# My iPod touch can't change the volume



## crazy (Feb 27, 2008)

Hi guys.

I have an iPod Touch and I upgraded to 2.1, and since then the volume doesn't change. At first, it was stuck at the loudest possible volume, and moving the volume slider didn't change the volume. After I restarted it, it was stuck, but this time at a lower, more tolerable level. A day or two later and it's still giving me that problem. Should I take it in to the Apple store or is there something I can do myself?

Thanks


----------



## kb244 (Apr 23, 2002)

Well you might not like this idea, but try a Restore with iTunes. If the problem persist, talk to Apple. 

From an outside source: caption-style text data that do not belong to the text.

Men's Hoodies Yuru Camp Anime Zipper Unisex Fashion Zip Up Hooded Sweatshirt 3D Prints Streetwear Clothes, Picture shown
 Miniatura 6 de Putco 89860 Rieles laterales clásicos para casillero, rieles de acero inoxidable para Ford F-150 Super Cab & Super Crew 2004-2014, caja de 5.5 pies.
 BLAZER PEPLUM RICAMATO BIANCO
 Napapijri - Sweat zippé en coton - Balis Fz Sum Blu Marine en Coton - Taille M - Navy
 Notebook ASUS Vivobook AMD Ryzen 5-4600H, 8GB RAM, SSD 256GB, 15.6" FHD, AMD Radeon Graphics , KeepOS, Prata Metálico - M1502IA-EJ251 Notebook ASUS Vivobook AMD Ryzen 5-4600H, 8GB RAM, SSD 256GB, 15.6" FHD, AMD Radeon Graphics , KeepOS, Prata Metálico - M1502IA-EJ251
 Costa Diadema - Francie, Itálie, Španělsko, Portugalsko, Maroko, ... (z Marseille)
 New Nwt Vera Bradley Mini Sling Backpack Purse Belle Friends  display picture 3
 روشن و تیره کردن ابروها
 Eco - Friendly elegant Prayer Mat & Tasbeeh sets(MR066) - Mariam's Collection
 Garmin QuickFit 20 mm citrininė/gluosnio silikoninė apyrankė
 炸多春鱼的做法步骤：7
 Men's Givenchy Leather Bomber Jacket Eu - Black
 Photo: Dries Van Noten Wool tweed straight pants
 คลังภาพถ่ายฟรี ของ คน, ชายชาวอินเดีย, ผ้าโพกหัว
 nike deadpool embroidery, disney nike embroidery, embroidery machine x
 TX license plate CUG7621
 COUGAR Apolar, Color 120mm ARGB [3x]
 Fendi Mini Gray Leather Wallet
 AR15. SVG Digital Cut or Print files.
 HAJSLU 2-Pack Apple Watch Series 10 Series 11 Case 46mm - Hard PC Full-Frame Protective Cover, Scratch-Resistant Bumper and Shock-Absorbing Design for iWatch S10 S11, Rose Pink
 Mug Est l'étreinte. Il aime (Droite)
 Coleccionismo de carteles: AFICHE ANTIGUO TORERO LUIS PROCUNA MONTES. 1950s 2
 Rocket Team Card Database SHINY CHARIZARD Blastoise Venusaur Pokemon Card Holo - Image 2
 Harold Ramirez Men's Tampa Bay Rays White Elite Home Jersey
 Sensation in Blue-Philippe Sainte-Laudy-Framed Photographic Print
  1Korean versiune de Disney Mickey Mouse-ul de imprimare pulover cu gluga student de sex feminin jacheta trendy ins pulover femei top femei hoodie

Least until someone comes up with a better idea so check back during the evening.


----------



## MrNeoStylez (Sep 16, 2008)

i second the above opiinion


----------



## crazy (Feb 27, 2008)

Thanks for the help guys. I guess I'll have to use Time machine to back up the iPod.


----------



## kb244 (Apr 23, 2002)

crazy said:


> Thanks for the help guys. I guess I'll have to use Time machine to back up the iPod.


huh?

Actually iTunes should have already been making regular backups, check the iTunes preference under devices. Not Time Machine.


----------



## crazy (Feb 27, 2008)

Thanks, I didn't know iTunes could do that 

A restore has allowed me to be able to change the volume. And it turns out that a volume lock in the system prefs was what was causing it to remain low. Awesome


----------



## kb244 (Apr 23, 2002)

crazy said:


> Thanks, I didn't know iTunes could do that
> 
> A restore has allowed me to be able to change the volume. And it turns out that a volume lock in the system prefs was what was causing it to remain low. Awesome


lol,


----------